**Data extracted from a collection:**
↓↓↓

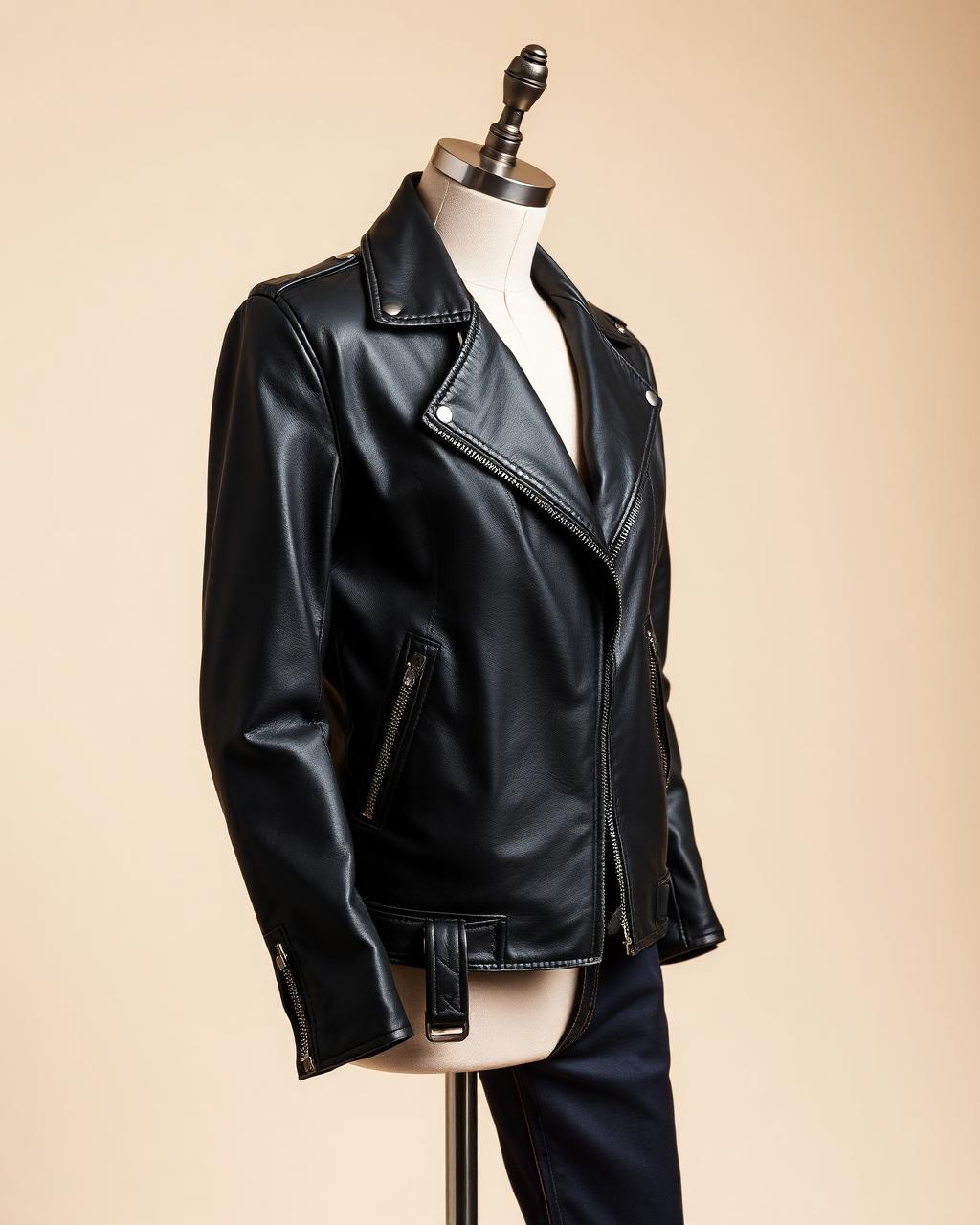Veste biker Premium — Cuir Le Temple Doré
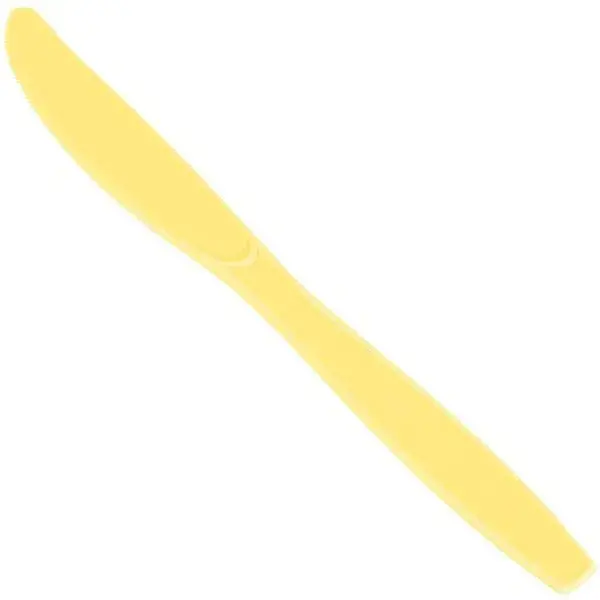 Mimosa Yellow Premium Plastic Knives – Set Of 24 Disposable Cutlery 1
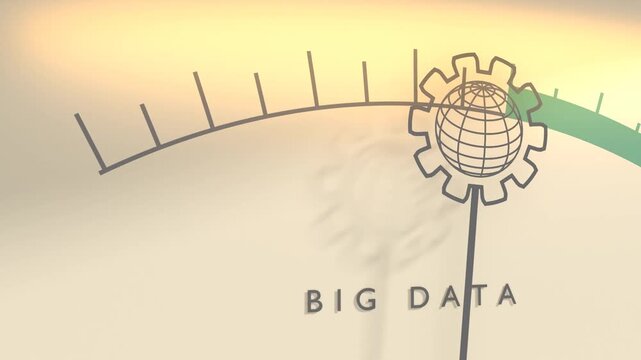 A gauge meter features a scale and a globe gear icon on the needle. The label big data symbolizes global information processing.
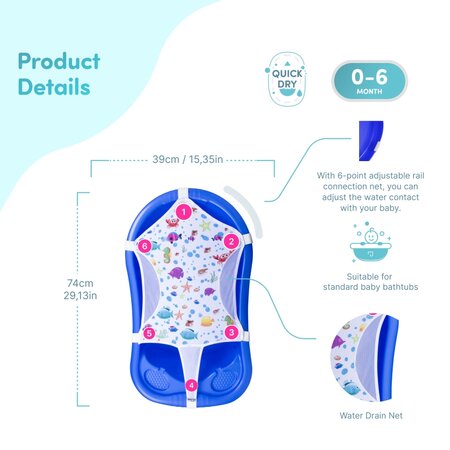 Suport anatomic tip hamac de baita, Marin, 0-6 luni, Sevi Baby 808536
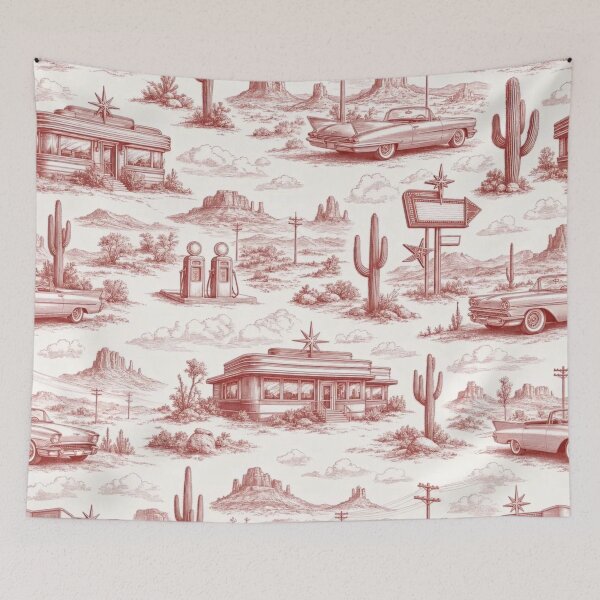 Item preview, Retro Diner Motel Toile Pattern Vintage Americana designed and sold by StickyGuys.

↑↑↑

**WHAT TO DO:**
Return only the lines that start at the line containing "Mimosa Yellow Premium" and finish at the last line of the entries, exactly as written and without pictures.

**EXERCISE ANSWER:**
 Mimosa Yellow Premium Plastic Knives – Set Of 24 Disposable Cutlery 1
 A gauge meter features a scale and a globe gear icon on the needle. The label big data symbolizes global information processing.
 Suport anatomic tip hamac de baita, Marin, 0-6 luni, Sevi Baby 808536
 Item preview, Retro Diner Motel Toile Pattern Vintage Americana designed and sold by StickyGuys.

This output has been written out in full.